Some remarks about databases

Note

I was refreshing my knowledge on the broad subject of databases, mostly by reading Wikipedia articles, which resulted (apart from notes attached here) in creating this wikipedia book (in case some future problems with Wikipedia you can try version hosted here).

Read anomalies Anomalies

What can happen if your database doesn’t serialize transactions properly:

Dirty read

When one transaction sees uncommitted data of another one

Short example:

We have two transactions T1 and T2.

  • T1 reads value of a row R
  • T2 writes new value of row R
  • T1 sees a change in row value
Non-Repeatable Read

When value of a row changes during a transaction.

Short example:

We have two transactions T1 and T2.

  • T1 reads value of a row R
  • T2 writes new value of row R
  • T2 commits <- Difference from Dirty Read
  • T1 sees a change in row calue
Phantom read

When a result of query changes during the transaction.

Note

Database without Non-Repeatable Reads cam still suffer from phantom reads, non-repeatable reads apply when other transaction updates or deletes records while phantom also apply to inserted rows.

Short example:

  • T1 executes a query: SELECT AVG(value) FROM account WHERE ...GROUP BY ...
  • T2 executes: INSERT .... INTO account
  • T2 commits
  • T1 executes a query: SELECT AVG(value) FROM account WHERE ...GROUP BY ... and gets different results.
Write Skew

This is an anomaly for MVCC databases, which occours each transaction works on a snapshot of database, and don’t see changes done by each other.

Note

This anomaly is not defined in SQL standard, as SQL standard had locking databases in mind.

Short example:

Let’s consider a banking application, with following constraint: balance of account must be non-negative, but we don’t store it explicitly, it is just calculated by SELECT SUM(t.value) FOR account .... INNER JOIN transaction as t ON ...

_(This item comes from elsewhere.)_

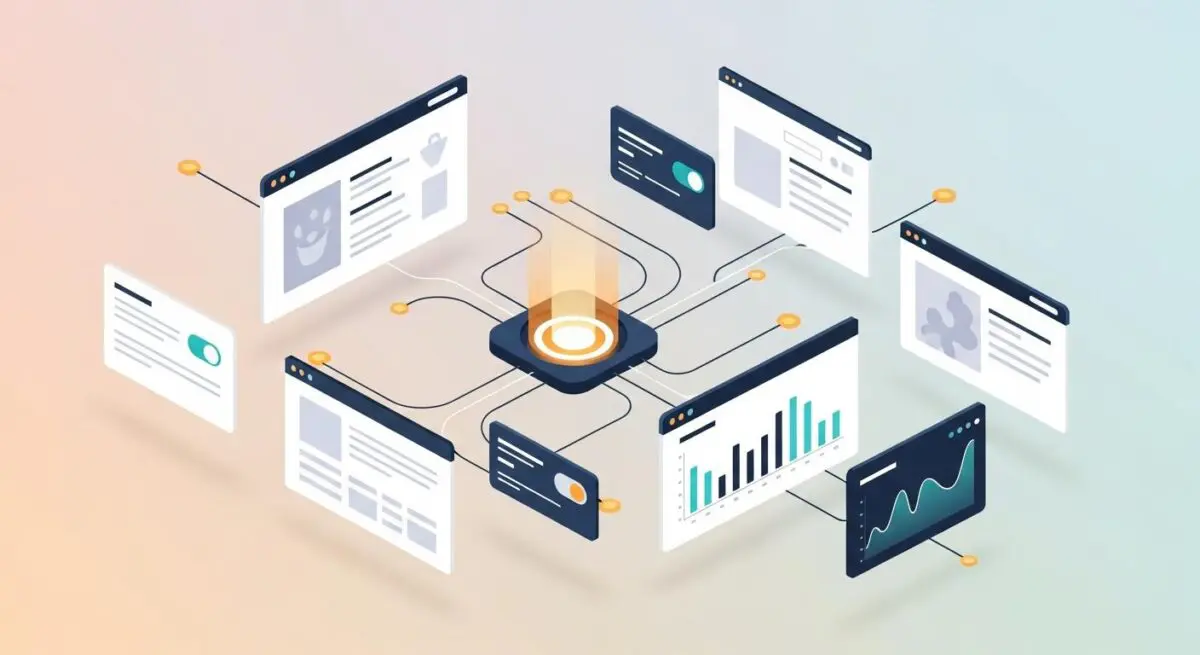 Central processor connecting to various screens displaying data and user interfaces for unique shopping experiences.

  • At the start of the transaction balance of account A is 100PLN
  • Transaction T1 starts
  • Transaction T2 starts
  • Transaction T1 adds a transaction for A that withdrawns 100PLN (which is valid as constraint is held)
  • T1 Commits
  • Transaction T2 does the same (which still is valid as constraint is held inside a snapshot for T2 — constraint is not held “outside of” this snapshot).

Note

Wikipedia says that you might resolve this issue by explicitly writing to a dummy row just to force write-write confilct.

Transaction isolation Levels

Serializable

Highest transaction isolation. Transactions are executed as if they were executed serially.

No read anomalies can occur.

In database that uses locks it requires to put locks on:

  • Every row you write to
  • Every row you read
  • Range lock for every query (for example lock all records for which specified condition is true).

These locks are held until the end of the transaction.

Snapshot Isolation

This transaction isolation level works as follows: Each transaction sees database in a (consistent) state the database was at the beginning of the transaction (with any changes it did).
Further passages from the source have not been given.